A reader pointed me in the direction of this podcast on Chris Kresser’s show where he interviews Chris Masterjohn about cholesterol, and I have to say, this is perhaps one of the most informative things I’ve read on the subject.
If you want to listen to the whole podcast, you can listen here.
Here are my notes from Part 2 (there are three parts in total):
What are ‘normal’ cholesterol levels?
What anthropological studies from various traditional cultures show:
Masai – Pastoralists; cattle herding tribe in Africa on the border of Tanzania and Kenya. They raise cattle to eat the meat, drink the milk, etc.
- Their diet varies with the seasons and the economy, because they’ll trade with other groups when their own supply of food is low or other groups are more relatively wealthy.
- At other times they may have an abundance of milk and might focus mostly on consuming milk.
- They have very low cholesterol levels, some of the lowest in the world.
- Men had cholesterol levels between 130-135 mg/dl
- Women had somewhat higher cholesterol levels of about 140 mg/dl, that would increase with age to 170 mg/dl in their 40s. The cholesterol also seemed to increase in their 3rd trimester of pregnancy, up to 205 mg/dl.
- On the whole, the Masai had a population mean cholesterol of 130-140 mg/dl and an LDL:HDL cholesterol ratio of 2.
- They have a very low rate of heart disease.
Kitavans – Horticulturalists who live in the Pacific Islands. They eat a little fish, a little coconut, a lot of tubers, and a little bit of fruit. They have very low fat intake, very high intake of saturated fat from coconut.
- Males had cholesterols around 180 mg/dl
- Females were a big higher at around 200-210 mg/dl, that rise with age to around 250 mg/dl in their 40s or 50s.
- A lot of Kitavans smoke.
- Their LDL:HDL ratio is 3.3 among the smokers and 2.5 among the non-smokers.
Puka-Pukans – Another group of in the Pacific Islands have a high intake of starches and other carbohydrates and a fairly meaningful intake of coconut.
- Men have cholesterols of 150-180 mg/dl
- Women have cholesterol of 170-190 mg/dl
- Tokelau – Yet another group of Pacific Islanders, who eat a much higher amount of coconut.
- Men have cholesterol of 180-220 mg/dl
- Women have cholesterol of 200-245 mg/dl
Masterjohn points out that if we examine these populations, what we see is a range of cholesterol.
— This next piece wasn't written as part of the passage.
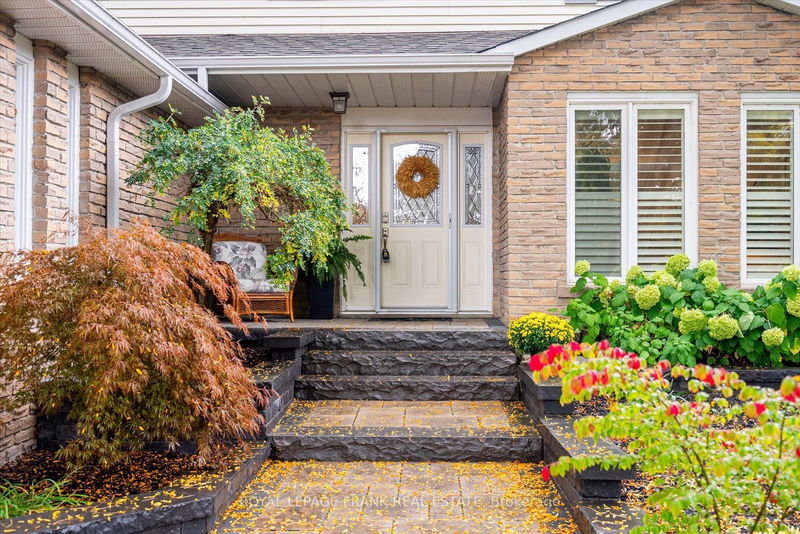 14 Mattawa Crt  Whitby, L1P 1E3 | Image 2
He thinks that the Masai should constitute the low range of what is possibly healthy, and the Kitavans should probably serve as the high range.
So we could probably say that anything between 140-220 mg/dl and maybe even up to 250 mg/dl might be considered normal.
Masterjohn also points out that we DO NOT see healthy populations with cholesterols going through the roof in the high 200s or over 300.
There can many things that lower cholesterol and many things that raise cholesterol, and some of these things can be good, and some of them bad.
- If we’re lowering cholesterol because we’re clearing it into an atherosclerotic plaque, that’s clearly bad.
- If we’re lowering cholesterol because we’re converting it into sex hormones and bile acids and things that increase our fertility, virility, strength, and digestion, then its clearly good.
- If it’s low because we’re not making it, then we don’t have those substances that we need to make all those good things, so this is clearly bad.
So we can never judge the amount of cholesterol in our blood alone, but have to use it as a clue to understand what’s happening in the body.
Advanced Cholesterol Panels
Masterjohn points out that from the data, if you want to have a pattern A large, fluffy LDL particle type, then the best thing to do is to change the sort of test you get rather than changing diet or life style, because LDL particle size measured by the different methodologies (NMR, VAP, and gel tube electrophoresis) have such widely varying results.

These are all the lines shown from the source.